The Clean Development Mechanism (CDM)

Semida Silveira

12.1. THE CHALLENGE OF MITIGATING CLIMATE CHANGE

The climate change problem results from the concentration of greenhouse gases in the atmosphere, mainly an effect of industrial development and fossil fuel utili­zation over the last two centuries. The initial milestones in addressing climate change were the signature of the Climate Convention (UNFCCC) in 1992, and the nego­tiation of the Kyoto Protocol in 1997. The overarching objective of the Climate Convention is the stabilization of greenhouse gas emissions at levels that can prevent dangerous human interference with the climate system (UNFCCC, 1992). The Kyoto Protocol defines steps in the implementation of the Climate Convention (Kyoto Protocol, 1997). Besides defining the emissions reduction target of 5 per cent compared with 1990 levels, the Kyoto Protocol sets the institutional basis for the formation of greenhouse gas markets, and creates mechanisms for the full parti­cipation of all parties to the Convention and the Protocol in the implementation of agreed objectives.

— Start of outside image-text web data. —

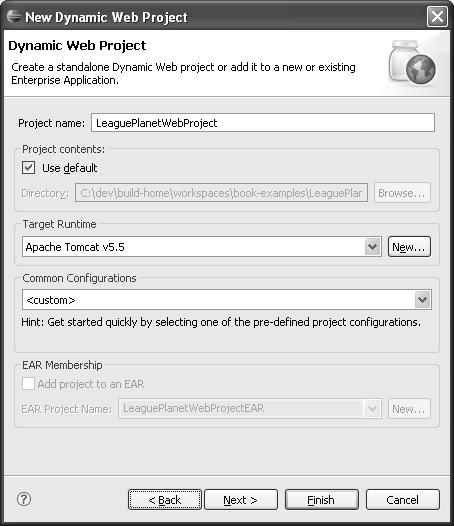 Web Project Types and J2EE Applications 143 Figure 6.5 New Dynamic Web Project 2. Enter LeaguePlanetWebProject for the project name.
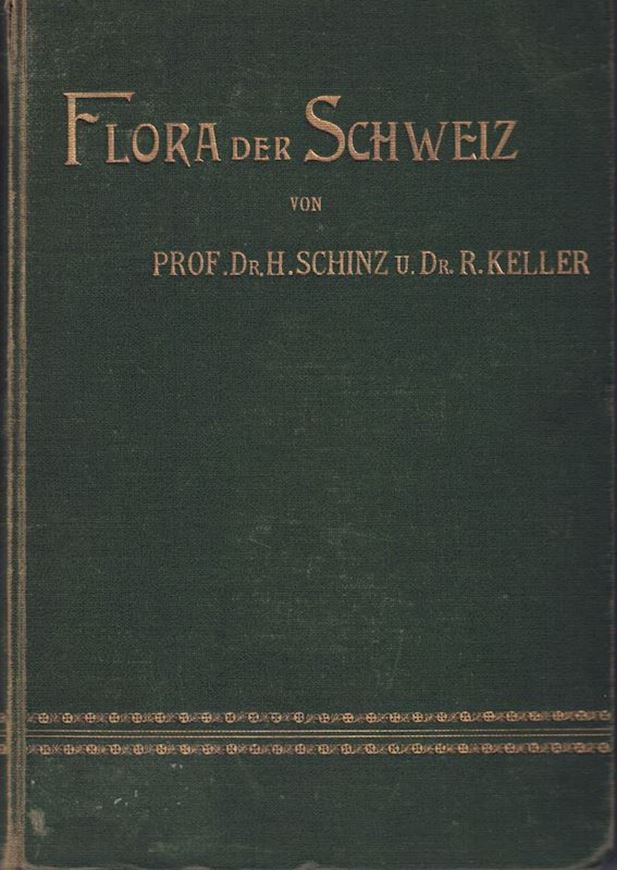 Flora der Schweiz. Zum Gebrauche auf Exkursionen, in Schulen und beim Selbstunterricht. 1900. VI, 628 p. 8vo. Original hardcover.
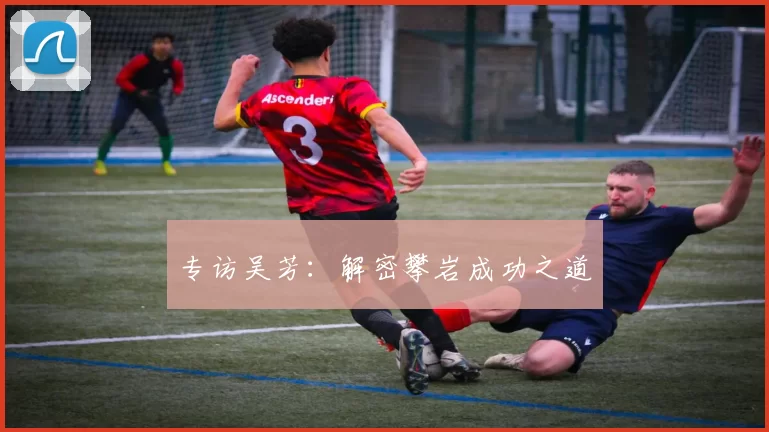 专访吴芳：解密攀岩成功之道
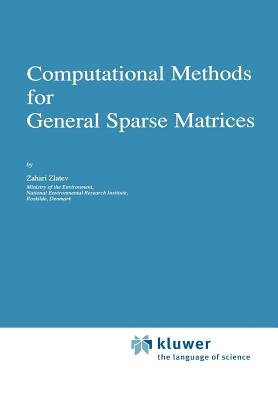 Computational Methods for General Sparse Matrices - Zlatev, Zahari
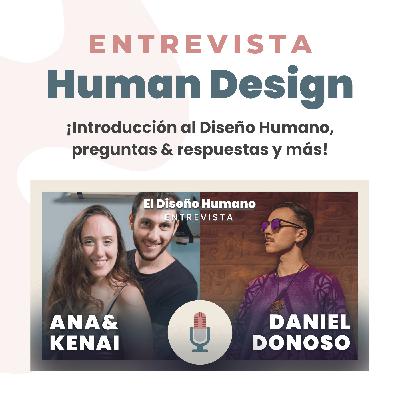 Introduciendo el Human Design - Entrevista con Ana y Kenai & Daniel Donoso | Human Design Español Introduciendo el Human Design - Entrevista con Ana y Kenai & Daniel Donoso | Human Design Español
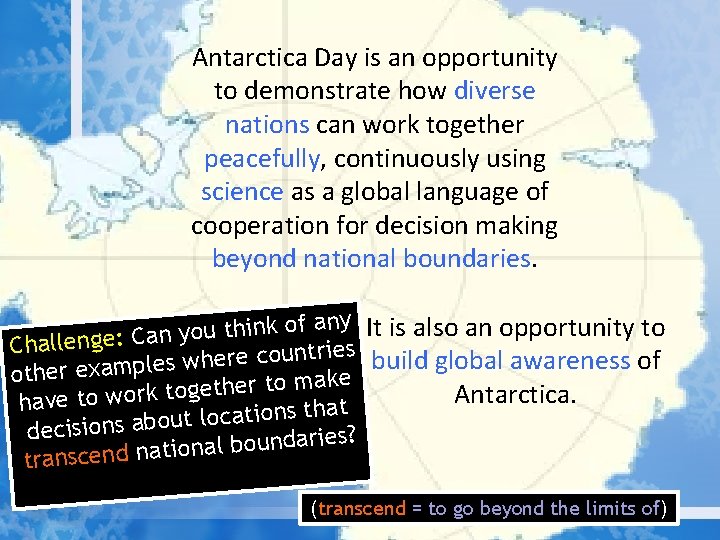 Antarctica Day is an opportunity to demonstrate how diverse nations can work together peacefully,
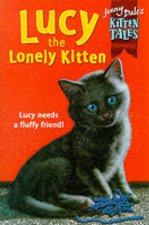 Lucy The Lonely Kitten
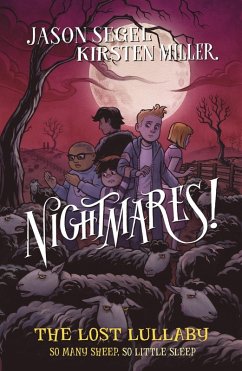 Nightmares! The Lost Lullaby (eBook, ePUB) - Segel, Jason; Miller, Kirsten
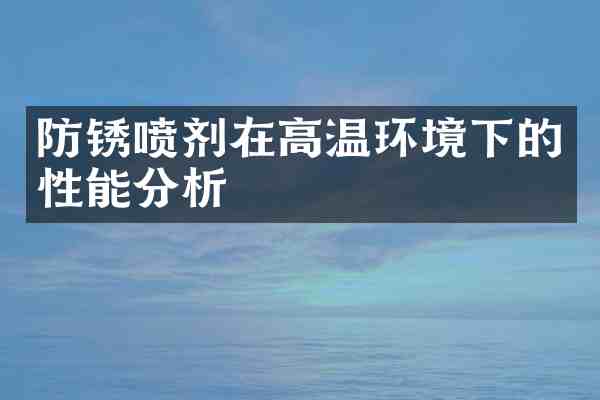 防锈喷剂在高温环境下的性能分析
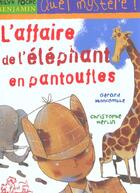 Couverture du livre « Les enquêtes fabuleuses du fameux Félix File-Filou T.2 ; l'affaire de l'éléphant en pantoufles » de Christophe Merlin et Gerard Moncomble aux éditions Milan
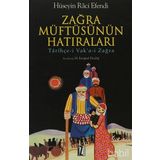 ZAĞRA MÜFTÜSÜNÜN HATIRALARI TARİHÇE-I VAK'A-I ZAĞRA - HÜSEYIN RÂCI EFENDI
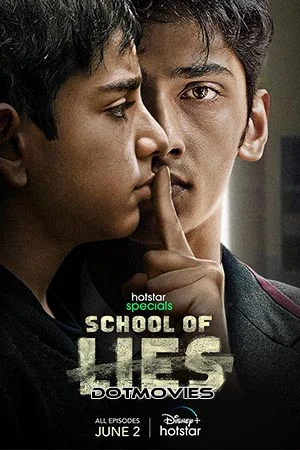 Download School of Lies (Season 1) Hindi Hotstar Special Complete Web Series 480p | 720p | 1080p WEB-DL –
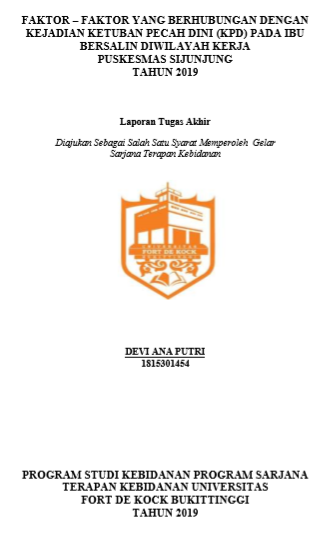 Faktor  Faktor Yang Berhubungan Dengan Kejadian Ketuban Pecah Dini Di Wilayah Kerja Puskesmas Sijunjung Tahun 2019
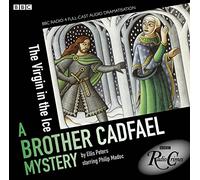 The Virgin In The Ice: A Brother Cadfael Mystery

Today, many governments consider the mitigation of climate change the most difficult challenge of the next few decades. One of the underlying difficulties is the broad nature of the problem which refers not only to the globality of the natural phenomena that affects climate on earth, but also to the implications that climate change mitigation and adaptation may have on the international economy and development in general. Another difficulty is that the issue of environmental sus­tainability, climate change included, requires the scrutiny of development strategies, technologies, consumption behavior, life styles, and even the institutions that have served as the basis to build modern society. Thus the climate change problem requires global solutions, and efforts from all nations.

Measures to mitigate climate change touch the basis of economic development, as mitigation measures are likely to have impact on the way major sectors such as energy, transportation, agriculture and forestry operate and are further developed. It is difficult to calculate with precision the overall costs of mitigating climate change, although many efforts have been made in this direction. Initially, mitigation measures were perceived as very costly and extremely risky for the global economy

169 Bioenergy — Realizing the Potential

© 2005 Dr Semida Silveira Published by Elsevier Ltd. All rights reserved.

due to the number of interventions and coordination of efforts necessary. This made many corporations, governments and specialists extremely negative about the whole issue. However, after a decade of debates and initial attempts to implement mitigation measures, a consensus has evolved around the need to incorporate climate change issues into public and private development strategies.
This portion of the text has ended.